広島から上京した父(柳家喬太郎)と娘(石井杏奈)は、娘が春から暮らすためのアパートを探しに、深夜バスで上京してくる。


父の生業(なりわい)は、広島のタクシー運転手。生活は裕福ではなかった。深夜バスはきつかったが、交通手段としてはそれがいちばん安かった。


母は娘を産んですぐに亡くなり、それからずっと父と娘のふたりで暮らしてきた。春になると、娘は東京、父は広島、別々に生活しなければならない。


不器用な父が、ひとりで大丈夫だろうか。娘はそれを案じている。


娘が通うことになったのは、成城大学。そこに近い世田谷区の祖師谷大蔵の不動産屋さんへはいる。父は、アパートの間取りや日当たりだけでなく、両隣りに住む住民はどんなひとか、など気になる。春から娘をひとり暮らしさせる父の不安がのぞく。


不動産屋さんから、隣りのひとも成城大学へ通う女子学生です、と教えてもらい、アパートを決める。


アパートの大家さんの案内で、祖師谷大蔵の町を歩く。広い公園もある。のんびりしたとてもいいところで、父も娘もうれしい。

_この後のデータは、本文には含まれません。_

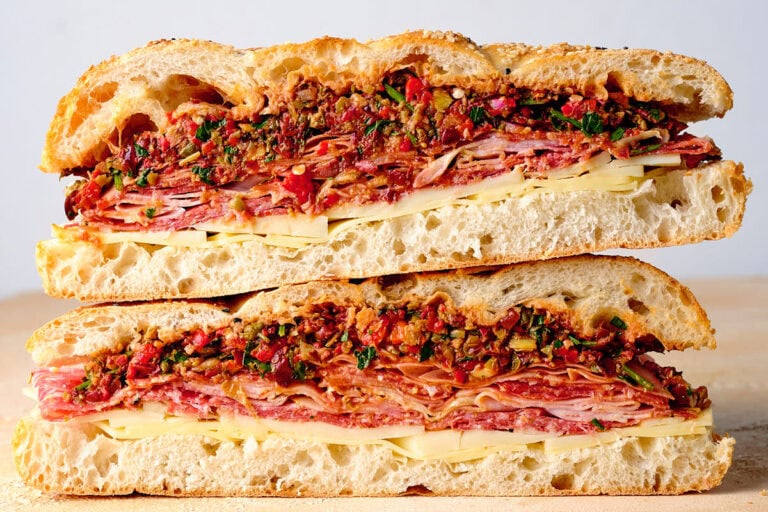 Muffuletta sandwich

ふたりは、いっしょにいるころ、もっといろいろ話しておけばよかったな、とおもう。春になれば、それぞれの生活がはじまる。いっしょにいられる時間はずっと少なくなってしまう。


お互いに、あふれる感情があるのに、どうでもいいような話をしている。


それでも、ふたりのこころは満たされている。



話の展開は、アパートを決め、祖師谷大蔵の町、商店街を歩くだけ。スジらしいスジはない。行間をたのしむ作品。


はじめ映画初出演の柳家喬太郎の演技がちょっとやりすぎかな、という気がしたが、途中からそれほど気にならなくなった。


娘役を演じた石井杏奈は、春から東京でひとり暮らしする期待と不安をかかえた18歳の少女らしい初々しさが可愛い。


やさしい少女なんだろうな、とおもう。ひとりになる父を心配しているのが寡黙な演技でもわかる。


石井杏奈の出ている映画を見るのは今回が最初ではないけれど、印象が薄かった。これから注目して見よう、とおもった。